5. Personalize with Loyalty Plans
We love loyalty plans and the benefits that come with them. According to studies, 80 percent of shoppers report that they belong to at least one loyalty program. Not only that, but 32 percent said strong loyalty programs trump lowest price when deciding where to buy.
Loyalty programs are an invaluable resource for your shopping experience personalization efforts. They are the best way to collect information from your clients, and connect it with purchase histories and store visits. It also provides you with contact information that lets you communicate with your brand VIPs over email, phone or social media to inform them of personalized offerings waiting for them in your shop.
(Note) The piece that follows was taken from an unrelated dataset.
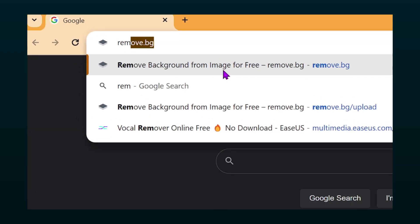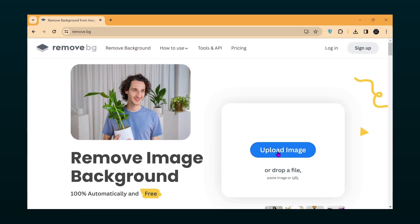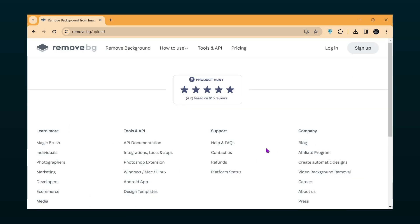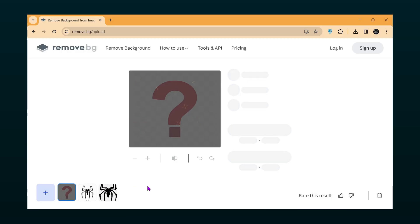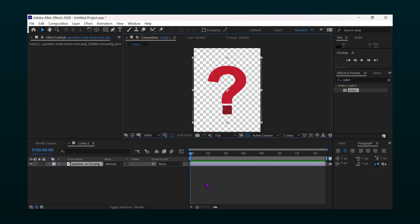Search for remove.bg on your browser. Upload your image. Download it.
6. Empower Your Store Associates
We already touched on this previously but it’s worth repeating and expanding upon. Why? Because your employees hold the biggest potential advantage your brick-and-mortar has over eCommerce. Obviously, you can’t compete with the convenience. But, believe it or not, there are still people out there who want to have a human interaction when they’re shopping. If you can make that interaction no less than awesome, you’ll surely see dividends.
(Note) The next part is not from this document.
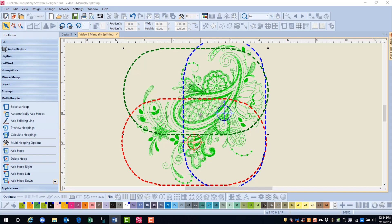Because that is going to give you information about the number of hoopings. When you are placing hoops manually, it is usually best to create the most overlap as possible.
After all, as smart as a chatbot gets, they cannot replace a human when it comes to choosing a product. To clarify, your sales team shouldn’t be overly salesy. We want them to give us valuable information in the purchase making decision. Roughly 40 percent of consumers believe that a knowledgeable sales associate would greatly enhance their retail shopping experience, and personalization is part of it.
This means you need a trained and professional staff, but technology can help a lot. For example, the majority of customers use their mobile phones when showrooming. There’s no reason why your sales associates can’t too.
Imagine asking someone in the shop about the technical specifications of some product and its location in the store. They pull out a tablet, show you the product catalog and send the specs right to your phone with a discount coupon for another product you might need to compliment the one you’re looking for. It would be refreshing, after all the many times I got the answer: “Uhm… I’ll get someone from that department” from sales associates in shops.
7. Get Feedback
There’s probably no better way to personalize than to simply ask people what they want. We, as customers, appreciate being asked for our opinion on the services and products we pay for. For retailers, this information (if properly collected and analyzed) is not only a way to improve, but also to learn more about each client and how your efforts are affecting their shopping experience.
Keeping it Personal
Technology today empowers retailers to provide personalized shopping experiences across channels. But with great power, comes great responsibility. In crafting your personalization strategy for your brick-and-mortar business, you must consider many factors. The resources required, the training hours for store associates, and technological solutions needed, just to name a few. Each business has its own properties and characteristics, and you know your business best. And that precious knowledge, combined with our tips, is your first step to a more personal shopping experience customers will want to repeat and share.